Review by Throwback.
When looking at When Harry Met Sally, we ought to begin by drawing a line between the romantic comedy and the comedic romance. Somewhere along the way, every movie that had a love story plot, plus a couple of funny moments, was deemed a romantic comedy. This was a bad move. A romantic comedy, if we are to take the name seriously, is a comedy movie with some romantic elements. On the other hand, a romance movie that has a few funny bits should more properly be labeled a comedic romance. This is important because it affects people’s expectations of what they are going to see. For me, I classify When Harry Met Sally as the former: a romantic comedy.
Harry Burns (Billy Crystal) and Sally Albright (Meg Ryan) happen to meet each other upon graduating from college. They are sharing a drive during which we are introduced to the film’s main question, namely, whether a man and a woman can be mere friends or if sexual tension makes such an association impossible. (which is a phenomenally important philosophical question that goes all the way back to Plato.) Over the next decade or so, they continue to encounter each other in a variety of circumstances and their relationship grows more and more serious. As they’re drawn closer together, the issue of the main question keeps popping up, forcing them to deal with it in the end.
As a director, Rob Reiner has far more of a range than most. However, I find this movie unique among his other accomplishments. In his good efforts, he’s typically managing a large sort of ensemble, with lots of meaty secondary characters to help drive the show. Think The Princess Bride, Stand By Me, or Spinal Tap. When he has to narrow his vision, things don’t go nearly as well. The American President and The Bucket List come to mind. When Harry Met Sally stays very firmly with the title characters and does so quite well. Moreover, in stark contrast to modern entries in the genre, it doesn’t meander off into superfluous plot threads just to throw in funny situations to make sure you are still laughing. The film lives and dies by the main characters. Let me add that the meandering that is done, in the form of intercut scenes of older couples talking about their relationships, is a fantastic touch.
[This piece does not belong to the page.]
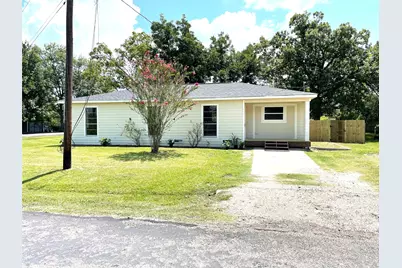 230 E New York Street, Brazoria, TX 77422 - Photo 1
Forget the nonsense you’ve heard about Meg Ryan and Tom Hanks’s great screen chemistry. In their movies, they barely seem to be on-screen together at all. Ryan and Crystal, on the other hand, are simply wonderful. In a word, it’s genuine stuff. I would venture to say that Harry and Sally are two of the most relatable movie characters ever for an audience. Everyone has either been them or knows them.
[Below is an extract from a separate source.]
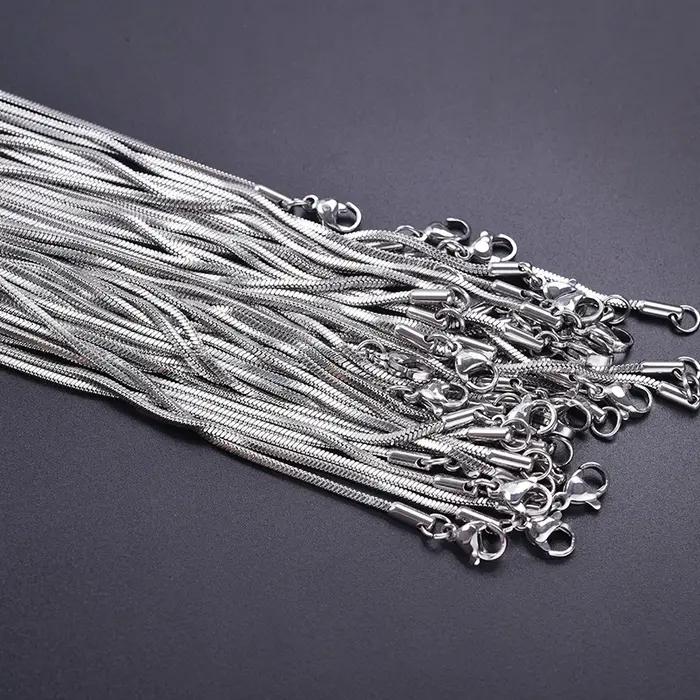 Collier serpent en acier inoxydable avec chaîne serpent pour femmes et hommes occasions spéciales bijoux modernes et élégants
There are some flawed points, certainly. Some of the exposition to catch you up after the time jumps ahead between Harry/Sally meetings is a bit forced and awkward. The other movie characters, though not all that significant, are annoying. That’s not the actors’ faults, and it is common fare in comedies from this period (e.g., Sleepless in Seattle, another Ryan film, where all the secondary characters are hopelessly irritating). To the contrary, they probably do too good a job. This are basically just nitpicking, though. None of this is enough to spoil anything.
I wouldn’t say there’s anything necessarily Catholic about the film. This is one that fits more in the category of “it’s funny because it’s true.” Men and women do act this way, for good or ill. If you see this movie with your significant other, you will probably wind up having a number of enlightening conversations about how the mind of the opposite sex works. I’ve had some people try to introduce themes from the movie into Theology of the Body sorts of discussions. I can see where they’re going, especially from the standpoint of men being able to look at a woman as a friend rather than a sex object. Maybe that works, but the movie doesn’t really offer much of a remedy for the situation. It just acknowledges the problem.
For a movie that’s so focused on sex, there’s really not any graphic content. There is the famous scene with Sally in the restaurant and maybe half a dozen f-bombs. Everything else is in the neighborhood of adult content but without major profanity. To me, this was a huge accomplishment. If this movie was made today, every other word would have been either an f-bomb or some vulgar anatomical euphemism. Naturally, there’s fornication, but nothing is shown other than two people in bed, so it is more implied than depicted. This is a great alternative to the banal and vapid “chick flick” mill coming out of Hollywood. It might be a stretch to call it thought-provoking, but it will definitely prompt some eye-opening talks about how men and women treat each other.
Two and a half tiaras. It would be three if not for the F-bombs and implied fornication.